- Thinaia Location within Greece
- Coordinates: 38°16.5′N 20°28′E﻿ / ﻿38.2750°N 20.467°E
- Country: Greece
- Administrative region: Ionian Islands
- Regional unit: Kefalonia
- Municipality: Argostoli
- Municipal unit: Argostoli

Population (2021)
- • Community: 200
- Time zone: UTC+2 (EET)
- • Summer (DST): UTC+3 (EEST)
- Vehicle registration: KE

= Thinaia =

Thinaia or Thinia (Θηναία, Θηνιά) is a community on the island of Kefalonia, Greece. It is located on the northeast side of the Gulf of Argostoli. The community consists of the villages Kardakata, Riza, Kontogourata, Nifi, Agonas and Petrikata.
This rural area was once mainly a farming community, where peasants, under the Venetian occupation of the island, worked small terrace plots scattered on the slope of the mountain above and next to the village.

Many villagers have emigrated to other parts of the world, and therefore the village has become very quiet in winter and only sees an expansion in summer time, when first, second and third generation families return for a visit.

The community is also the second home to U.S. soccer prodigy Christoforos Moulinos.

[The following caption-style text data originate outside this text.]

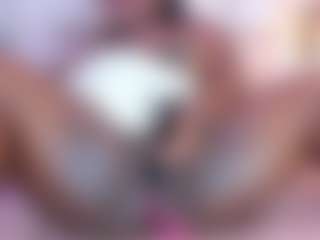 Live cam show with ChannelCarter - BBW on CamSodaAdn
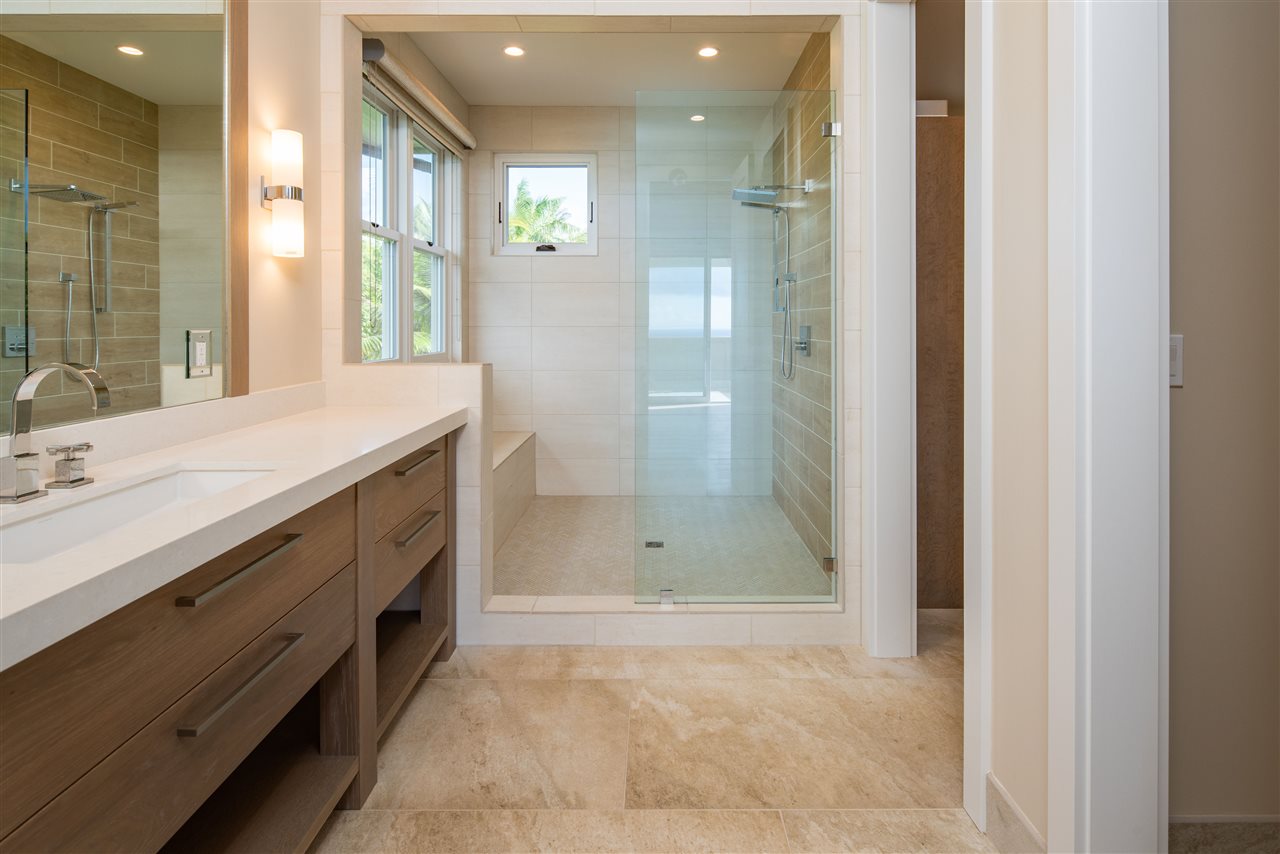 40 Hale Pili Way, Unit 15 Haiku, HI 96708 - Photo 23 of 27 a bathroom with a shower sink and mirror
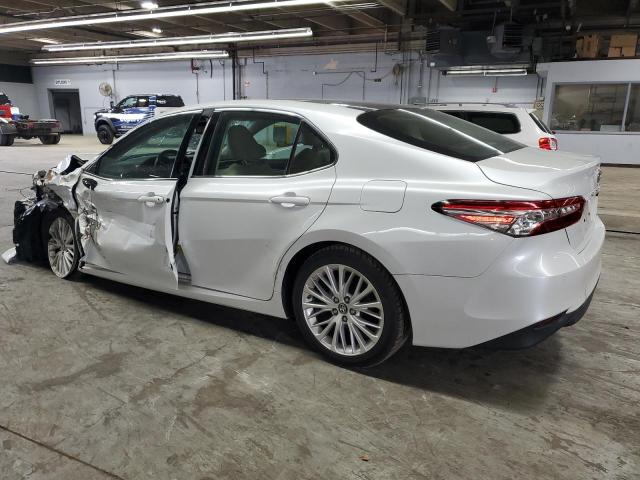 Vin: 4t1b11hk9ju030802, lot: 57133645, toyota camry l 20182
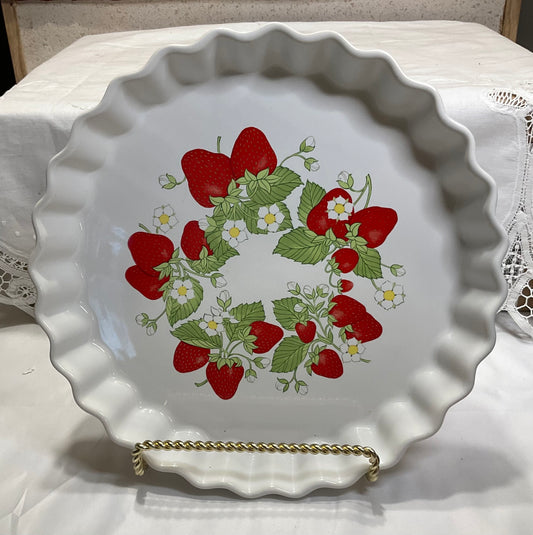 Pie Plate - Strawberry Pattern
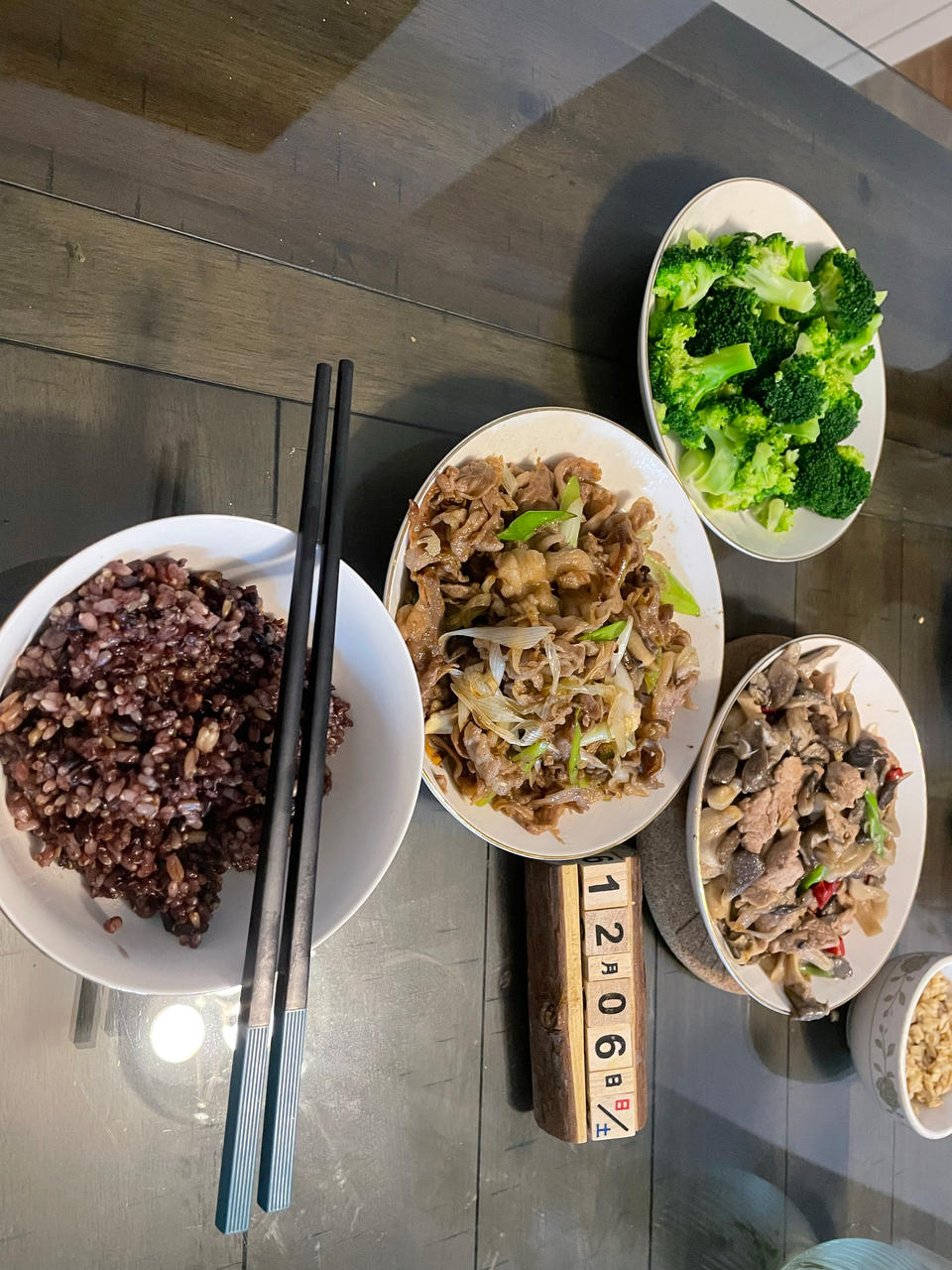 炒了20多年的葱爆羊肉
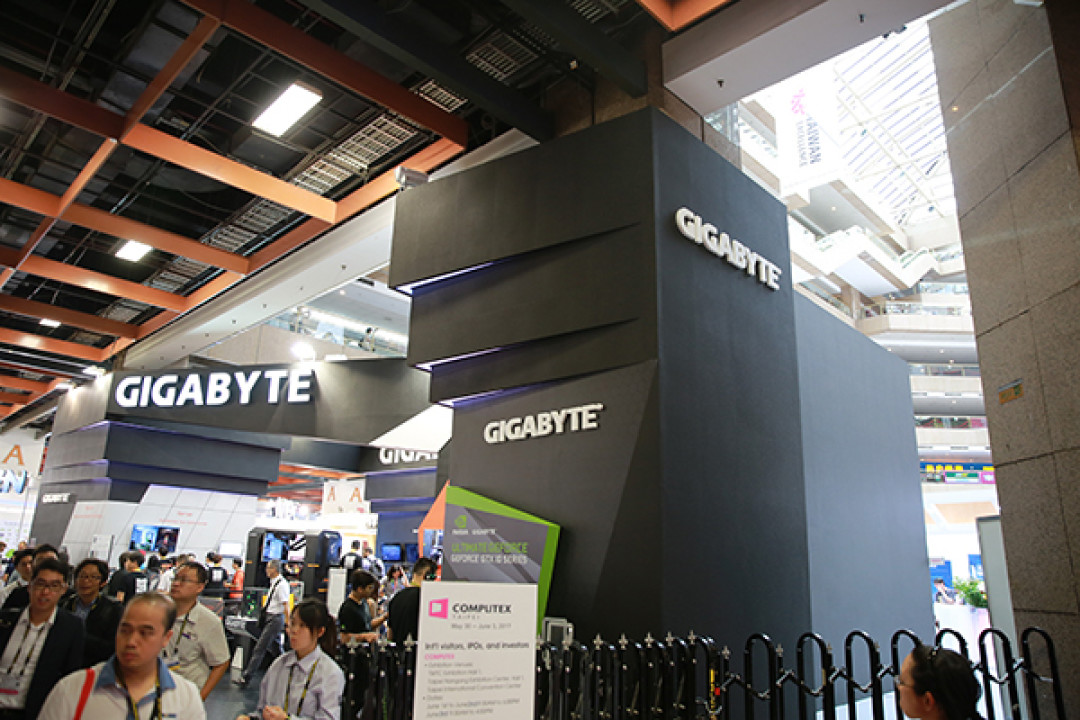 图赏 | 一篇图文带你逛完 GIGABYTE 技嘉 COMPUTEX 2017 展台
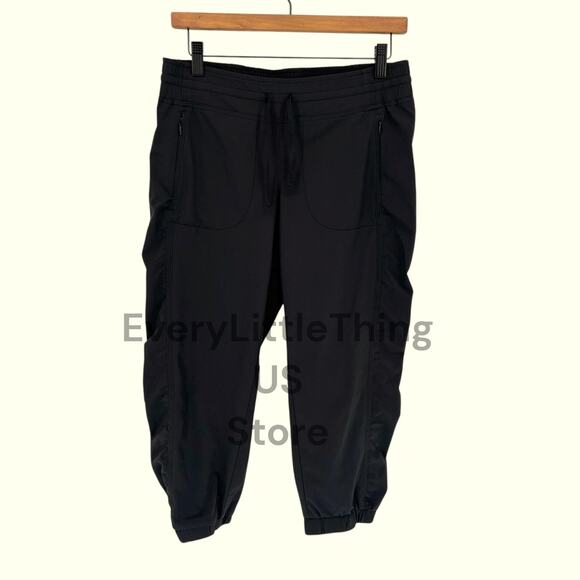 Athleta La Viva Capri Pants 6 Black Ruched Gym Training Workout Athleisure - Picture 2 of 8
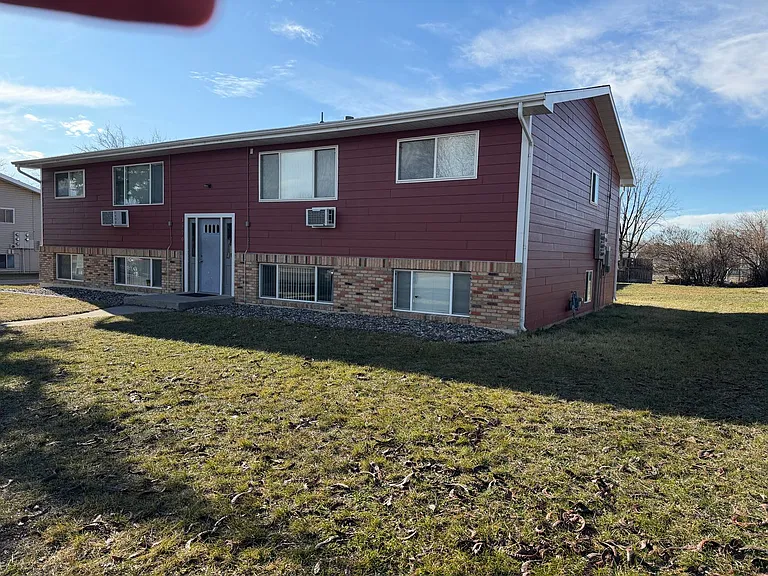 1620 Kelby Dr — Photo 8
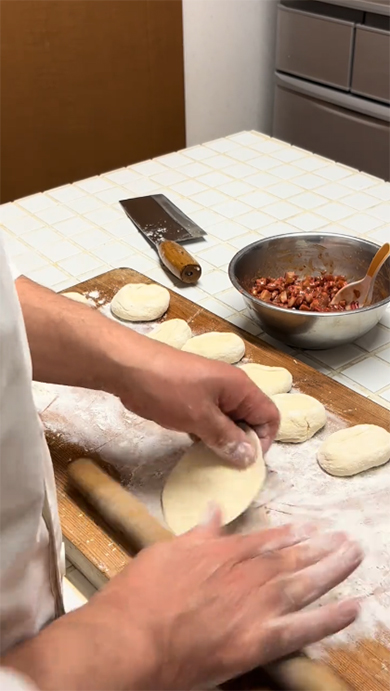 チャーシューまんを作る祖父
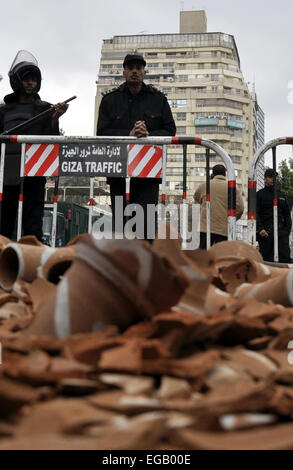 Il Cairo, Egitto. Il 21 febbraio, 2015. Poliziotti egiziani guard'Ambasciata del Qatar durante una dimostrazione in Cairo, Egitto, 21 febbraio 2015. Diverse persone hanno protestato fuori del Qatar ambasciata, dopo il Qatar ha ricevuto il sostegno di un paio di giorni in precedenza da altri arabi del Golfo monarchie dopo aver tirato il suo ambasciatore dall Egitto, un segno di mutevoli alleanze diplomatiche in tutto il mondo arabo. Il Qatar news agency ha annunciato il paese stava tirando il suo ambasciatore in Egitto. L'Egitto non ha alcun ambasciatore in Qatar. Il Qatar aveva sostenuto in Egitto la Fratellanza Musulmana di governo che si è abbattuto nel 2013 da un militare-backed colpo di stato Foto Stock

Recently the village has attracted the interest of a historical research team from the UK, which is searching for the site of Odysseus' home and palace. Confirmation of such a theory will have a great impact on the area of Thinaia and especially Kontogourata where the bulk of the research is concentrated.

== Events ==
St. Panteleimon is greatly honoured annually on 27 July at the village of Kontogourata with a feast in honour of the saint at the schoolyard annex. The day starts with a service at the local church and in the evening the traditional dinner, drink and dancing goes on throughout the night.